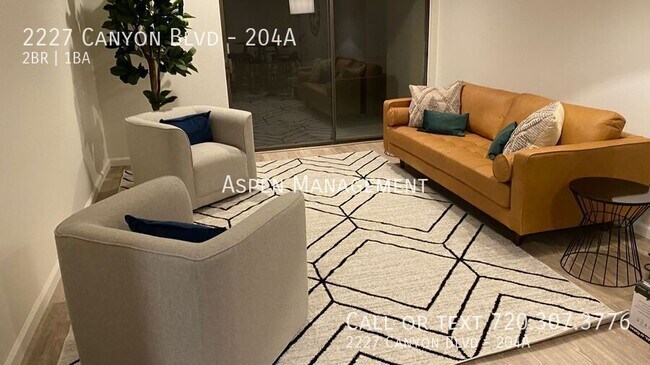 Foto del edificio - 2227 Canyon Blvd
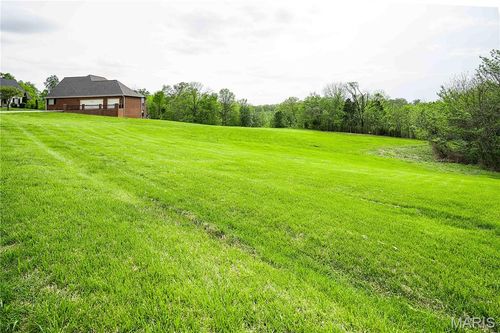 227 Willowbrook Bnd, Cape Girardeau, MO, 63701-9653 | Card Image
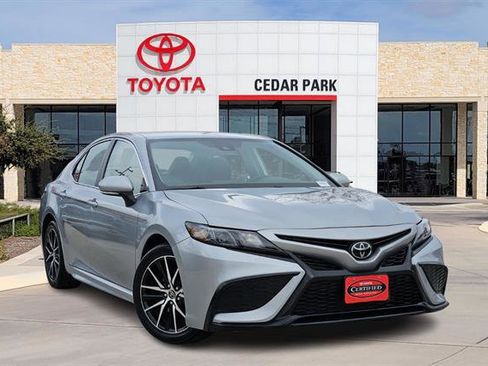 Certified 2023 Toyota Camry SE image 1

| Goal of the exercise |
Nothing but the lines from the line containing "227 Willowbrook Bnd, Cape" through the end of the data, both ends included, is to be reproduced, exactly as written and without the pictures.

| Task result |
 227 Willowbrook Bnd, Cape Girardeau, MO, 63701-9653 | Card Image
 Certified 2023 Toyota Camry SE image 1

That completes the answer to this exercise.